L’Uomo di Nazareth fa goal, i farisei gli urlano buu!
Per urlare buu bisogna stringere le labbra a culo di gallina, chi segna un gol invece grida con la bocca spalancata. Un gol costringe all’abbraccio, riunisce la squadra in un organismo solo; un buu isola un corpo, gli rimprovera la sua colpevole diversità. tra un buuu e un gol, che è il senso del calcio, la gioia dello sport, corre la lunga strada della nostra civiltà. Ci abbiamo messo millenni per riuscire a spalancare pacificamente la bocca a quel modo, ci basta un attimo di ignoranza per chiuderla. E tornare indietro.
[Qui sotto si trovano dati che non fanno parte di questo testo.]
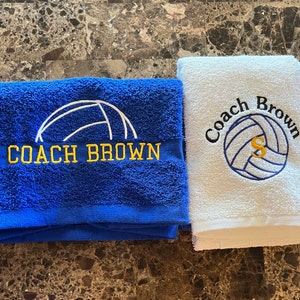 Personalized Volleyball Towel 2 VBST02 // Volleyball Gift // Coach Gift ...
(L. Garlando, Buuuuu. Con Mario Balotelli, Einaudi, Milano 2010)
Apriti cielo: se i farisei non sanno giustificare, la via è semplice: cacciamogli addosso l’infamia di peccatore, domani di sobillatore, dopodomani di bestemmiatore. Verrebbe da sputare in faccia a costoro, gladiatori della legge: non per vile offesa ma per aprire i loro occhi e far entrare la Luce. Il cieco non accetterà più di tornare indietro: troppo bella la luce che fa vedere mamma e papà, le prostitute belle e ammalianti, i grappoli d’uva nei vigneti festanti. Eppoi chi l’ha detto che la saliva fa schifo? Chiedetelo a lui, cieco dalla nascita e non finto invalido: non c’è cosa più bella ai suoi occhi, sembra una pagliuzza argentata, la pesantezza del fango ha un riverbero bellissimo. Per lui la saliva è Vita, Luce, Risurrezione. Se loro, farisei, non lo capiscono, sono faccende loro. Lui non tornerà più indietro: “Se sia un peccatore, io non lo so. Ma so una cosa: ero cieco e ora ci vedo”. E come ci vede! Sono occhi che creano simboli e scompigli, che confondono uomini con nuvole e alberi, che dimenticano in un solo sguardo un’eternità di buio. “Và a lavarti nella piscina di Siloe”. E nessuno più lo potrà toccare: fattucchieri, maghi e cartomanti addio! Nulla è più farmaceutico di quella saliva in cui l’Erborista c’aveva mischiato la Luce. “Io credo, Signore”. Credo ma sopratutto vedo: vedo cose meravigliose: il grano e le sue spighe, il vento e i suoi silenzi, l’erba e i suoi germogli. Vedo la discendenza futura di quei farisei: troppo nervosi per riuscire a vedere dalla parte di Dio.
Per loro il cieco ero io!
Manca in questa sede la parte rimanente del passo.